Verfassungsrechtlich war es aber nicht mehr haltbar. Und die
Sozialdemokratie akzeptierte derlei in der Schulpolitik natuerlich
nicht -- also wurde das Konkordat schlicht ignoriert. Man hatte
ausserdem damals wohl andere Sorgen.

1962. Der oft zitierte "Schutt" der Nachkriegszeit war weggeraeumt,
nun wurde der alte Rechtsschutt langsam aufgearbeitet. Mit Betonung
auf langsam. So kam wohl auch irgendwann das Konkordat zur Sprache.

Was man sich damals in der Grossen Koalition so ueberlegt hat, ist
heute nur mehr schwer oder gar nicht recherchierbar, aber zu vermuten
ist Folgendes: Die Zwickmuehle zwischen Voelkerrecht und
Verfassungsrecht wurde unertraeglich. Der Vatikan wusste, dass von
Oesterreich das alte Konkordat mehr oder weniger als derogiert, also
als nicht mehr rechtsgueltig, angesehen wurde.

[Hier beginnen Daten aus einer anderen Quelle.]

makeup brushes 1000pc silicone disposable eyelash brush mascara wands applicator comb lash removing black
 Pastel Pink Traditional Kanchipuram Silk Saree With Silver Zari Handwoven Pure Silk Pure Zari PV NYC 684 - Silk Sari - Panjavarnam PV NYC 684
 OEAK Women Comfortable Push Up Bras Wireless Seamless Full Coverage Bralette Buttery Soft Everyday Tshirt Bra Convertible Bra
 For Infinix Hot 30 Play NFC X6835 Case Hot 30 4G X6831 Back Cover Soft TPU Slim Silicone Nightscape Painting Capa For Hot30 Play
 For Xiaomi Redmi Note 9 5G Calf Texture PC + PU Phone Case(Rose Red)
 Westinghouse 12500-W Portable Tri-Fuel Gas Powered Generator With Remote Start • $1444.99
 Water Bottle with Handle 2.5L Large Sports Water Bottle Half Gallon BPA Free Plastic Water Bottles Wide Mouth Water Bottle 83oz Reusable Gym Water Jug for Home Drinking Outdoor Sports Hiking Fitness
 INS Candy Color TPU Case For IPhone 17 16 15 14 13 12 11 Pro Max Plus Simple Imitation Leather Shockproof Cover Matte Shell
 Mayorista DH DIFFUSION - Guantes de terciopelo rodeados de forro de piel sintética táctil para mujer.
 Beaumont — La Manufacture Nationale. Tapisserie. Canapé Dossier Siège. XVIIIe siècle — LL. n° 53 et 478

Und so kam es zu einem
neuen Vertrag, der zwar nur als durch die "Neuordnung des Schulwesens"
erforderliche Ergaenzung bezeichnet wurde, dennoch praktisch eine
teilweise Demontage des Vertrags war. In diesem Kompromiss finden sich
auch die oft zitierten Schulkreuze normiert. Die Bestimmung lautet
allerdings, dass, "wenn die Mehrzahl der Schueler einem christlichen
Religionsbekenntnis angehoert", die Kreuze anzubringen waeren --
selbst dem Konkordat stuende es also nicht entgegen, die Kruzifixe in
jenen Schulklassen, wo mehrheitlich Kinder aus nichtchristlichen (vor
allem mulimischen und atheistischen) Familien unterrichtet werden, zu
entfernen. In Wien muessten sich schon etliche solche Klassen finden
lassen, betraegt doch der christliche Anteil der Gesamtbevoelkerung in
diesem Bundesland nicht mehr viel mehr als die Haelfte.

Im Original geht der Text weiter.